Afgelopen weekeinde, 26 juni 2020, zijn er opnieuw meer
vlinders geteld dan voorgaande jaren in het
Kuinderbos. Aan de vlindertelling deden 80 vrijwilligers mee.
Al jaren luidt De
Vlinderstichting de noodklok. Met heel veel soorten in Nederland gaat het niet goed. Toch biedt de telling in het Kuinderbos enige hoop. Want dit weekeinde zijn er opnieuw meer vlinders geteld dan vorig jaar.
Het was de vijfde keer dat
Staatsbosbeheer en De Vlinderstichting een grote vlindertelling organiseerden in dit bos in de Noordoostpolder. Niet voor niets op deze plek, want het wordt ook wel ‘de grootste wilde vlindertuin van Nederland’ genoemd. Met behulp van deze jaarlijkse telling brengt De Vlinderstichting de stand in kaart. Waarbij uiteraard ook aandacht is voor bijzondere soorten.
Bruine zandoogje met stip bovenaan
Zondag 26 juni zijn er 2935 vlinders geteld. Het gaat om 27 verschillende soorten. Daaronder ook de zeldzame grote vos, argusvlinder en oranje luzernevlinders. Met stip bovenaan de lijstje staat het bruine zandoogje. Daarvan werden er maar liefst 842 gespot. Een goede tweede is de atalanta met 345 vlinders. En als derde het Icarusblauwtje met 291.
Aan de telling deden 80 vrijwilligers mee. Vooraf had Kars Veling van de Vlinderstichting een presentatie gemaakt die deelnemers thuis konden bekijken. Vanwege de coronamaatregelen kon dat zoals gebruikelijk niet gezamenlijk in een tent.

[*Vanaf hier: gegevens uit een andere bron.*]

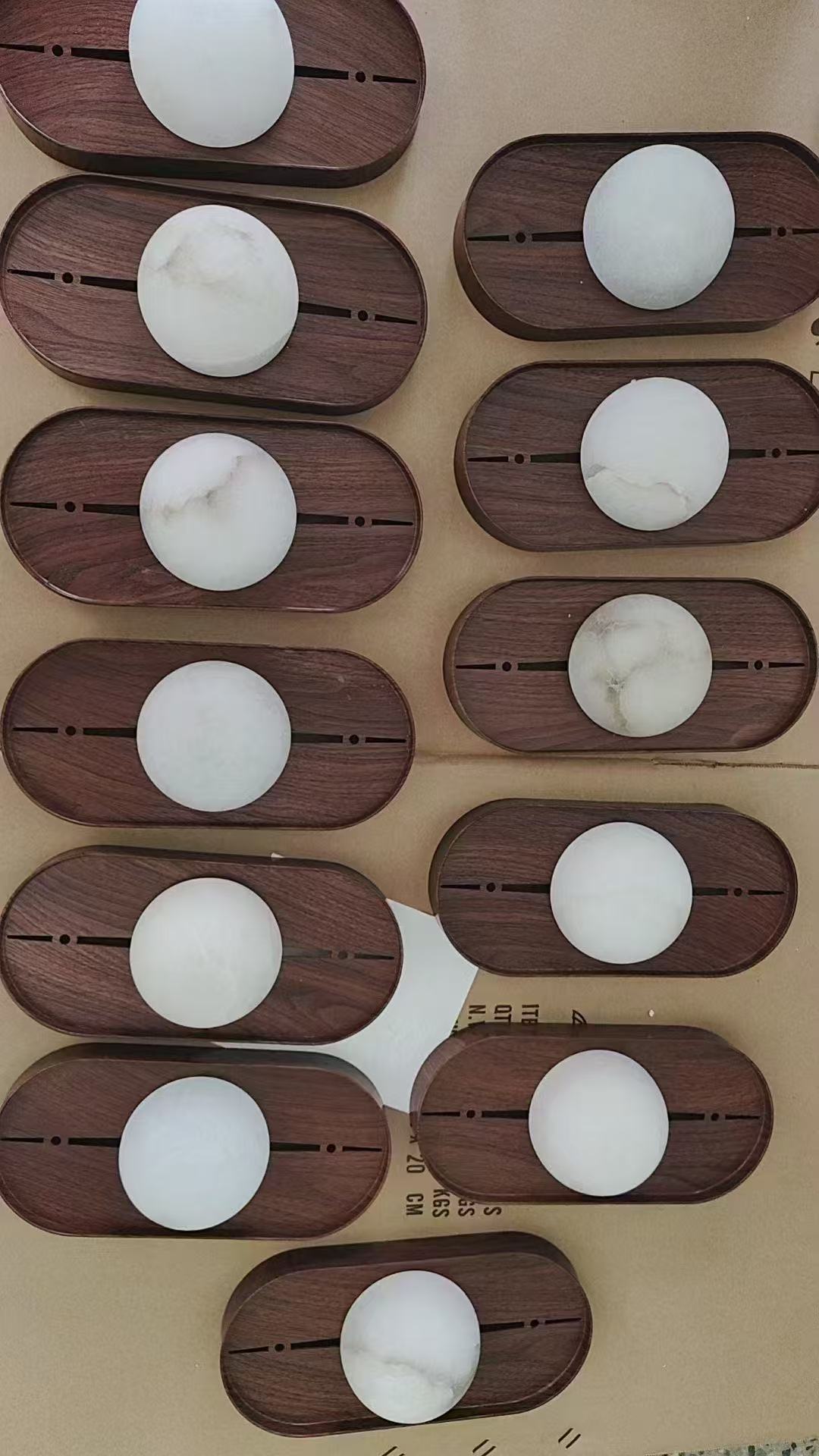 Ildvuvyh Modern Minimalist Metal Alabaster Wall Lamp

Er waren 31 telroutes uitgezet. Met een totale lengte van 77 kilometer. Onder die vlinderaars zaten ook mensen die voor het eerst meededen en weinig ervaring hadden, meldt boswachter Harco Bergman. Zij werden toegevoerd aan groepjes met ervaren tellers. Na afloop was er voor alle tellers een broodje die ze zelf konden bakken boven een kampvuur.
De telling in het Kuinderbos maakt onderdeel uit van de landelijke tuinvlindertelling. Die duurt nog tot en met 26 juli.